WHAT THE TASK REQUIRES:
Copy each of the entries below faithfully, setting aside any pictures.

EXERCISE DATA: Begin

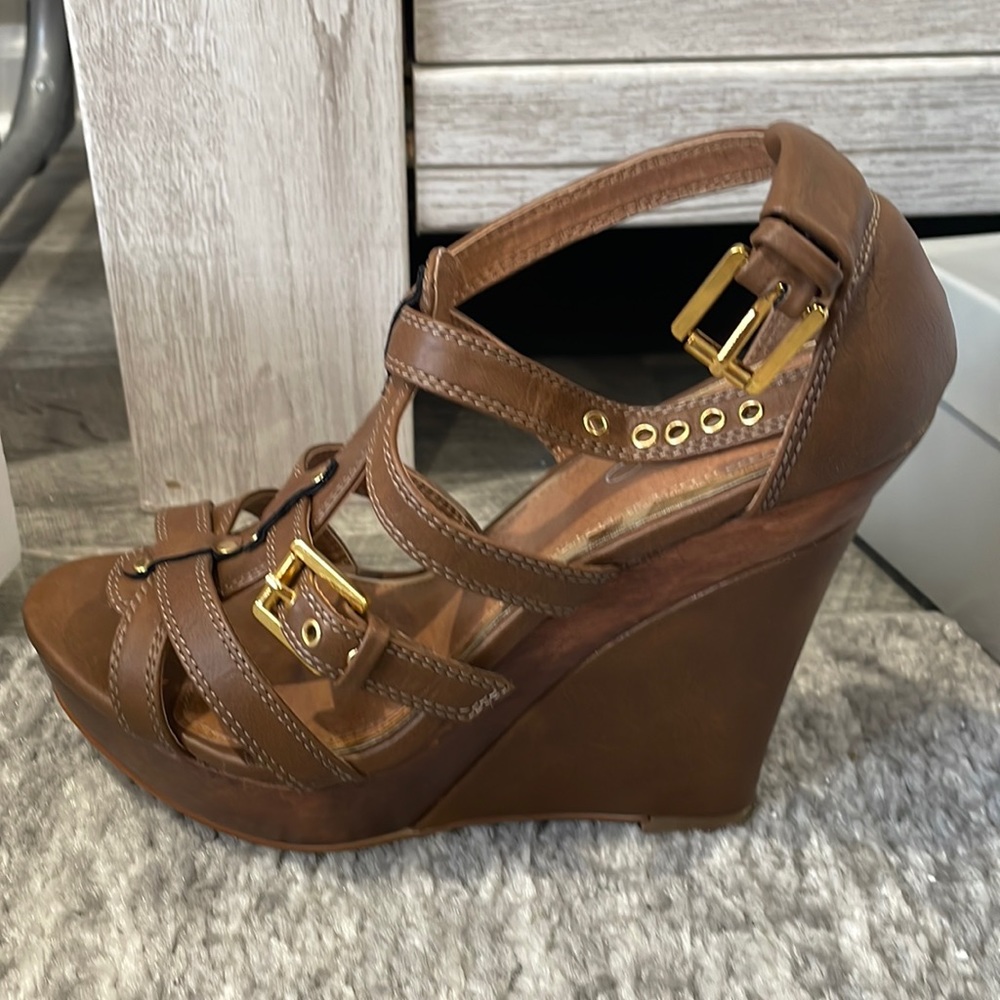 Aldo wedge sandal size 37 cognac color smoke free home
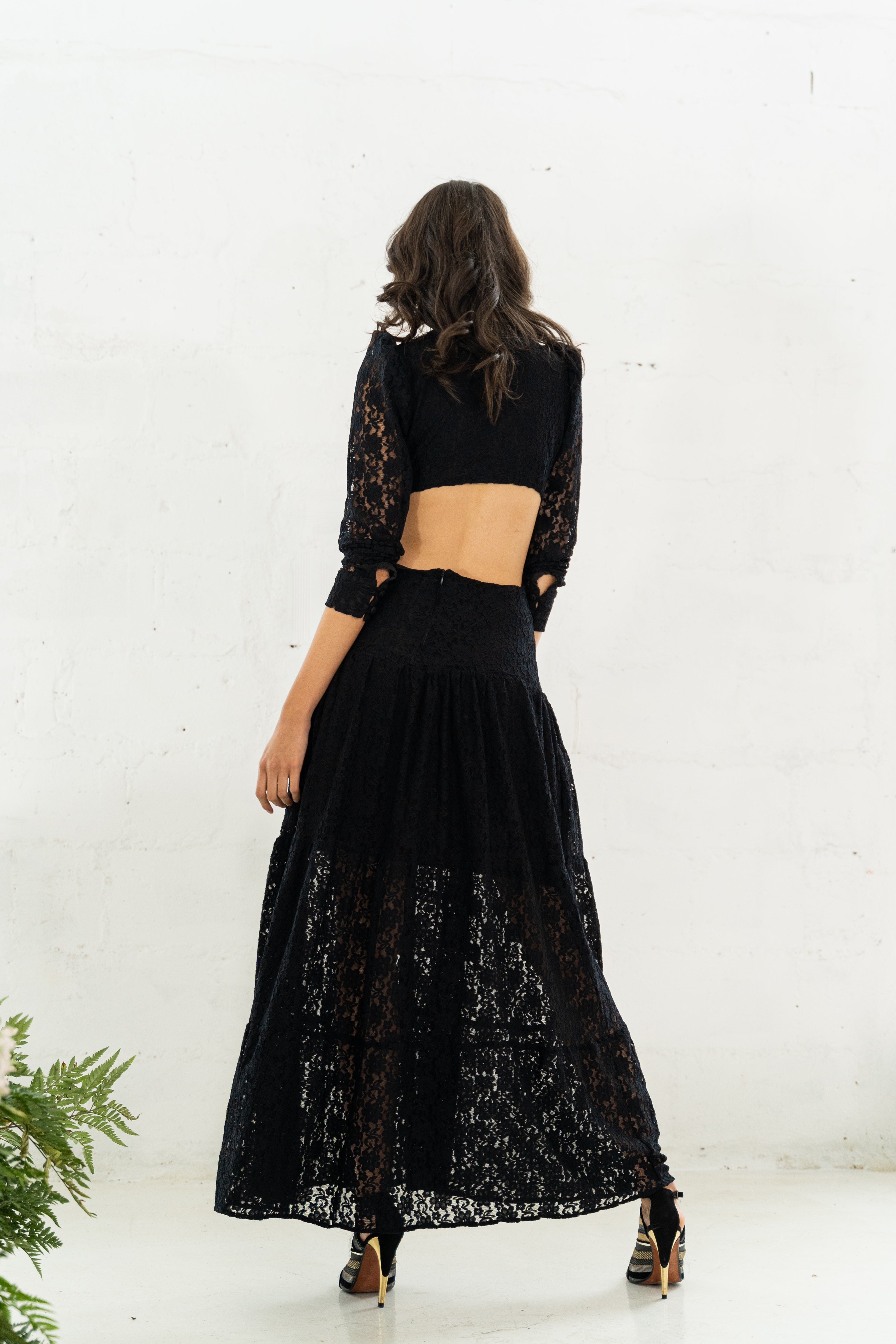 Vestido largo, negro para fiestas.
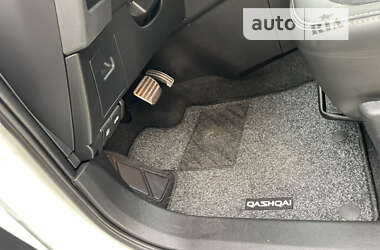 Внедорожник / Кроссовер Nissan Qashqai 2013 в 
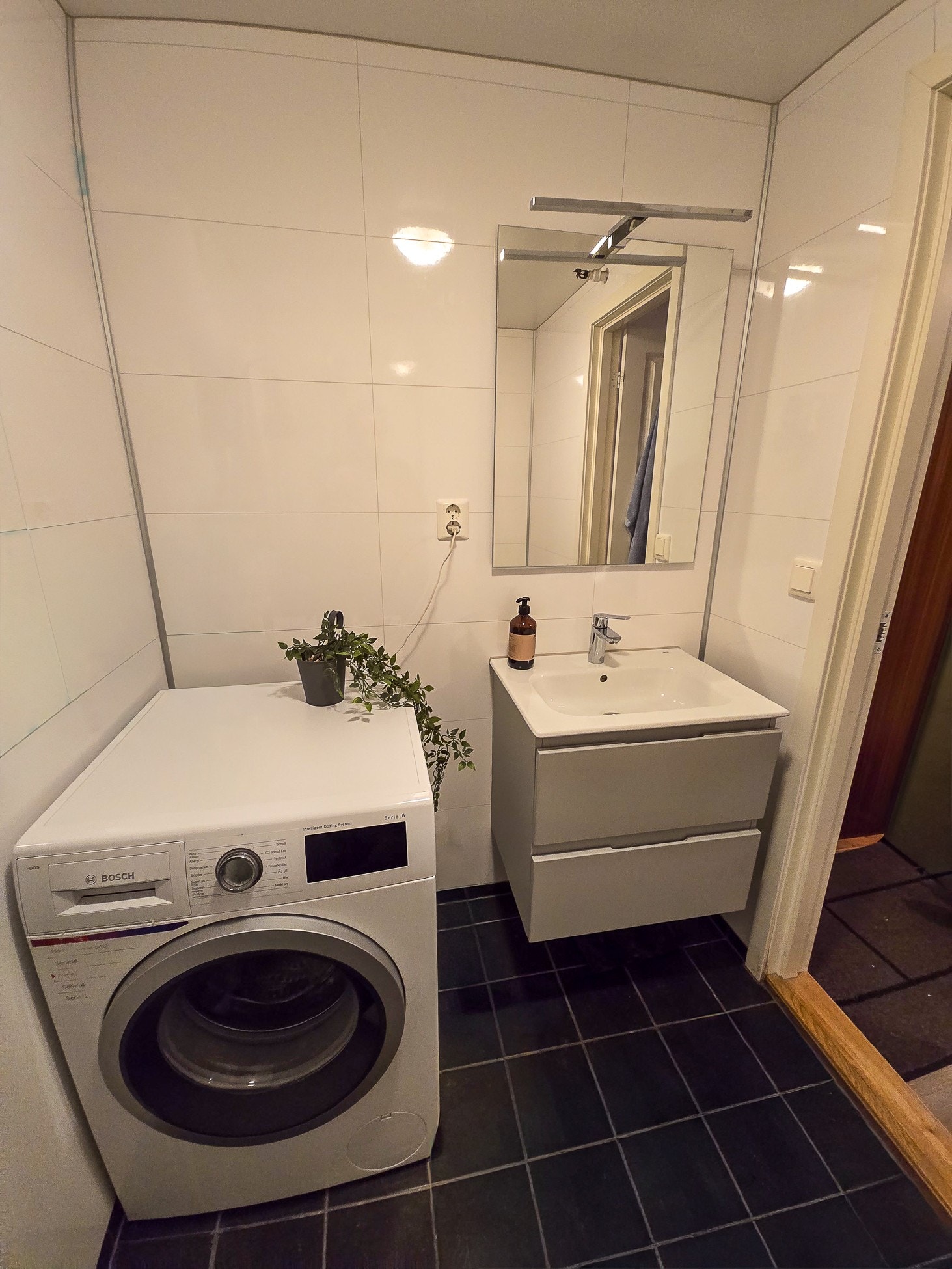 Bad med servantskap, vaskemaskin, dusj og wc. Galleribilde
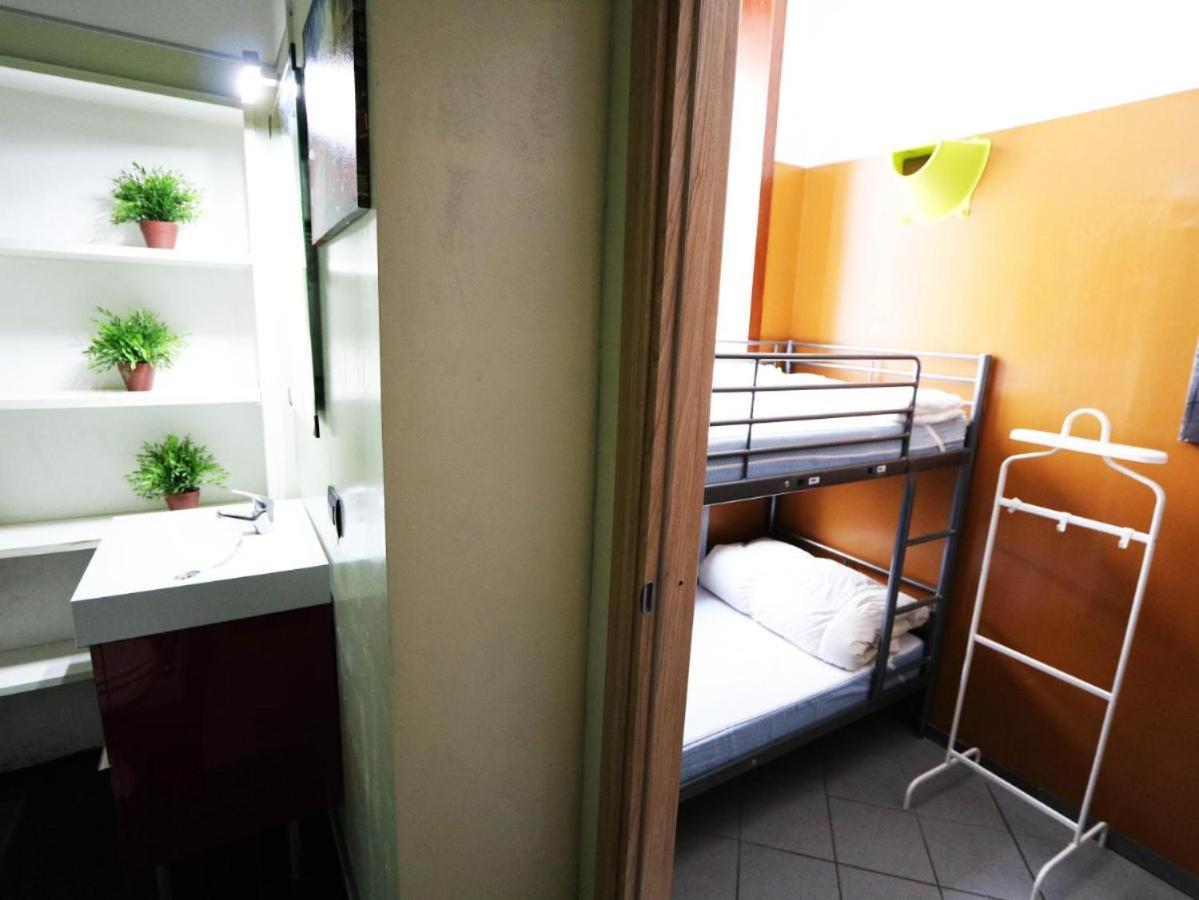 Koala Hostel Milán Exteriér fotografie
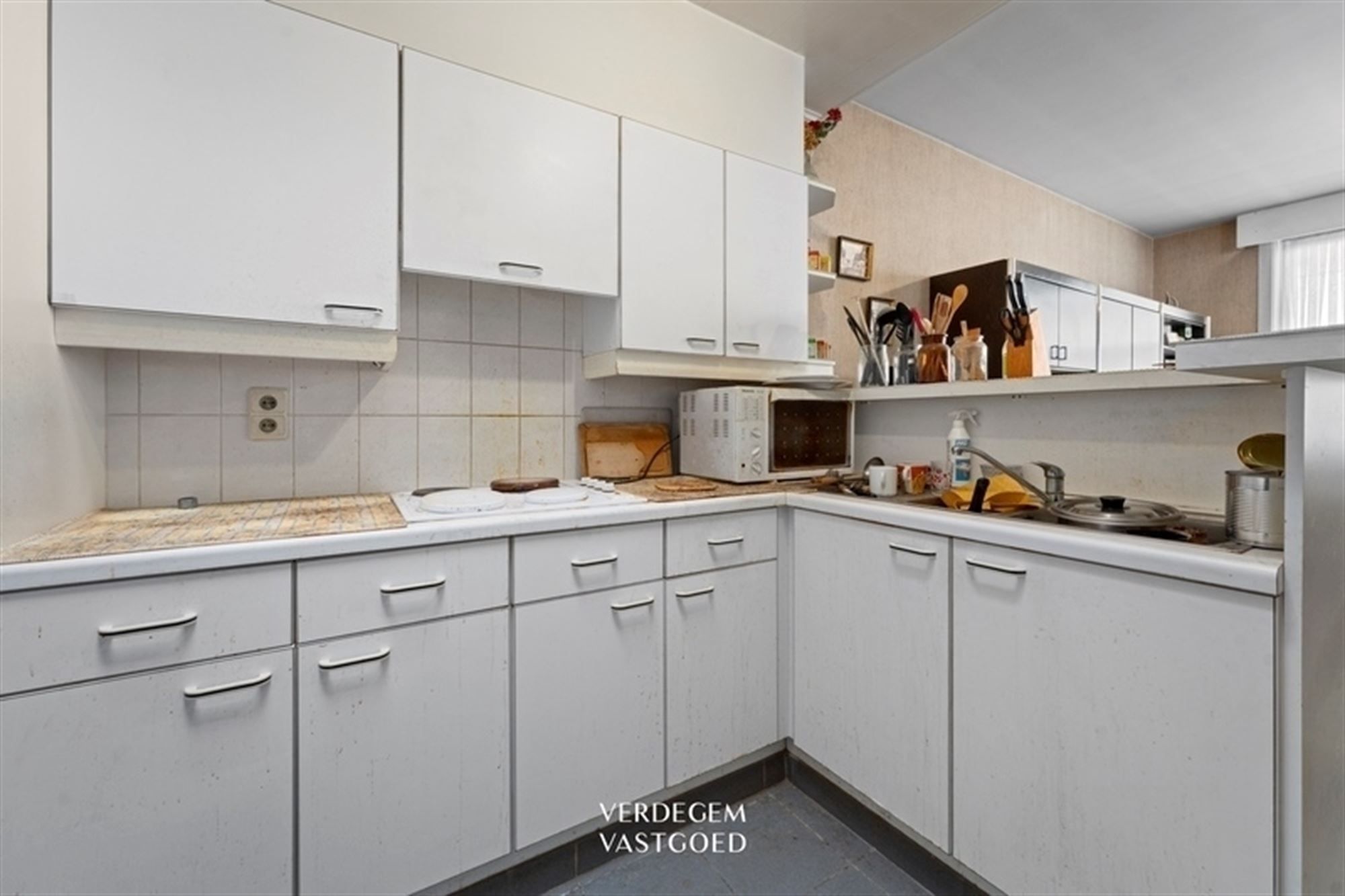 Woning met 2 slaapkamers aan het Van Beverenplein foto 2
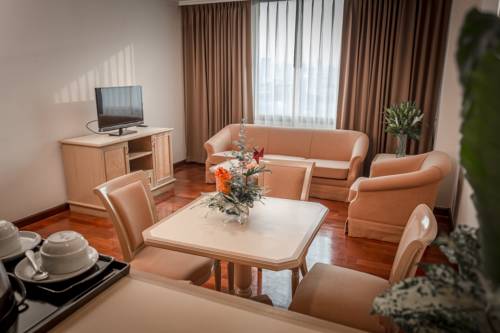 Imagen de la habitación del Hotel Grand Tower Inn Rama Vi. Foto 9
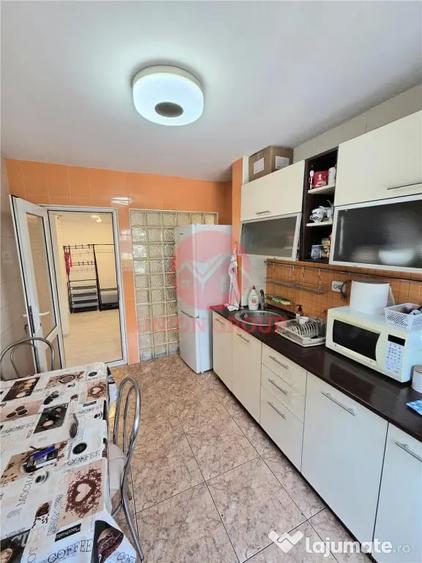 Apartament 2 Camere, Decomandat, Inel 2 - 17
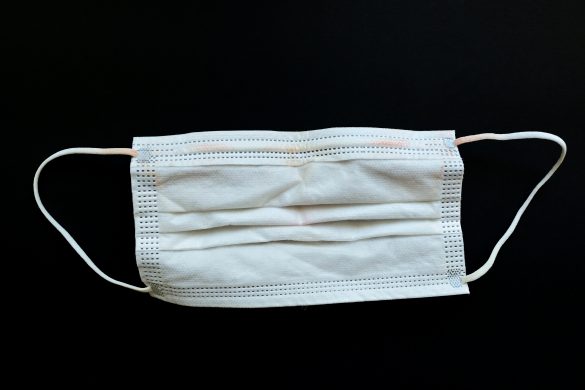 ファンデのついたマスクにドン引くイケメン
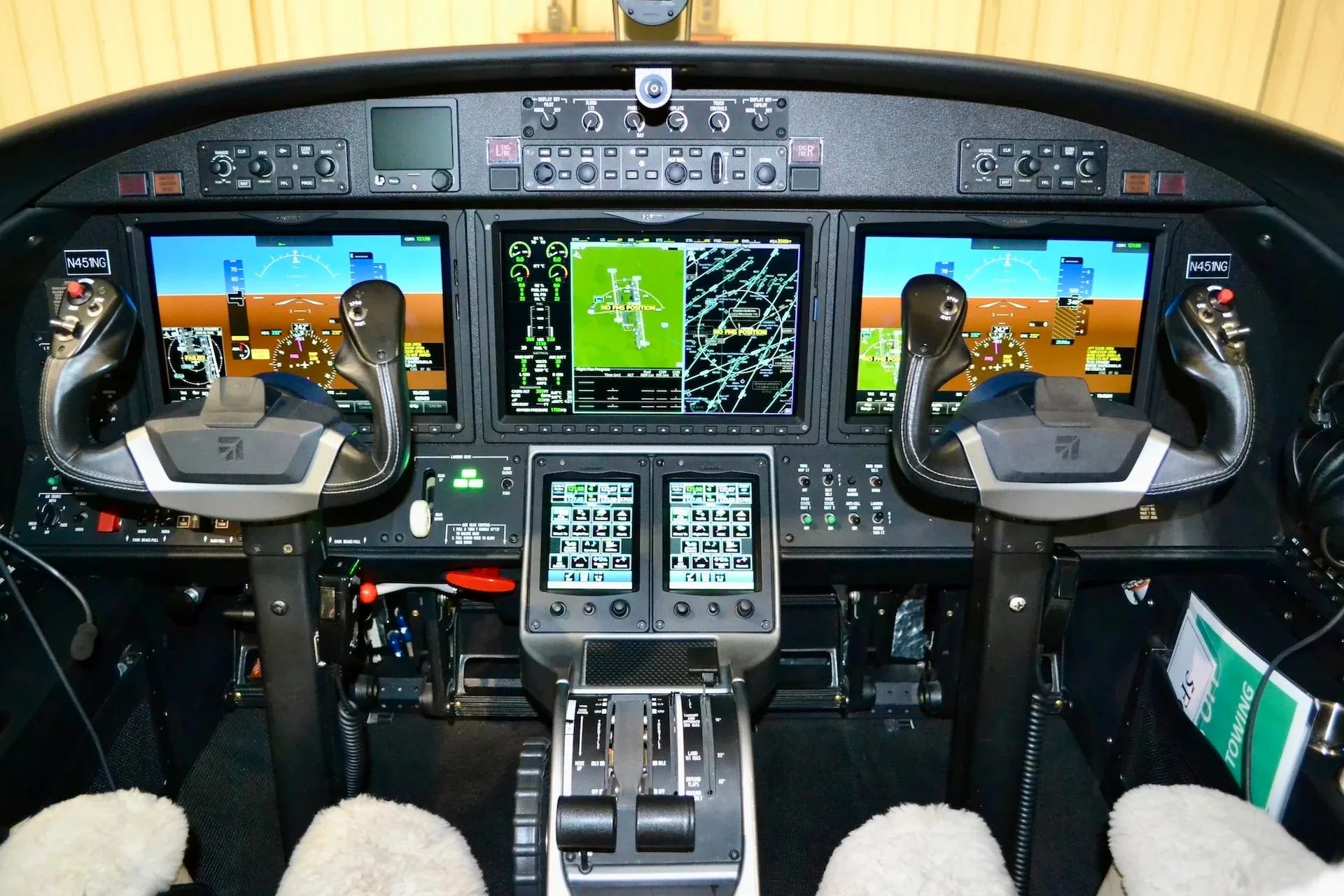 Cockpit and instrument panel of a 2022 Cessna CITATION M2 Gen2 — Carolina Jet.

EXERCISE DATA: End

RESPONSE:
 Aldo wedge sandal size 37 cognac color smoke free home
 Vestido largo, negro para fiestas.
 Внедорожник / Кроссовер Nissan Qashqai 2013 в 
 Bad med servantskap, vaskemaskin, dusj og wc. Galleribilde
 Koala Hostel Milán Exteriér fotografie
 Woning met 2 slaapkamers aan het Van Beverenplein foto 2
 Imagen de la habitación del Hotel Grand Tower Inn Rama Vi. Foto 9
 Apartament 2 Camere, Decomandat, Inel 2 - 17
 ファンデのついたマスクにドン引くイケメン
 Cockpit and instrument panel of a 2022 Cessna CITATION M2 Gen2 — Carolina Jet.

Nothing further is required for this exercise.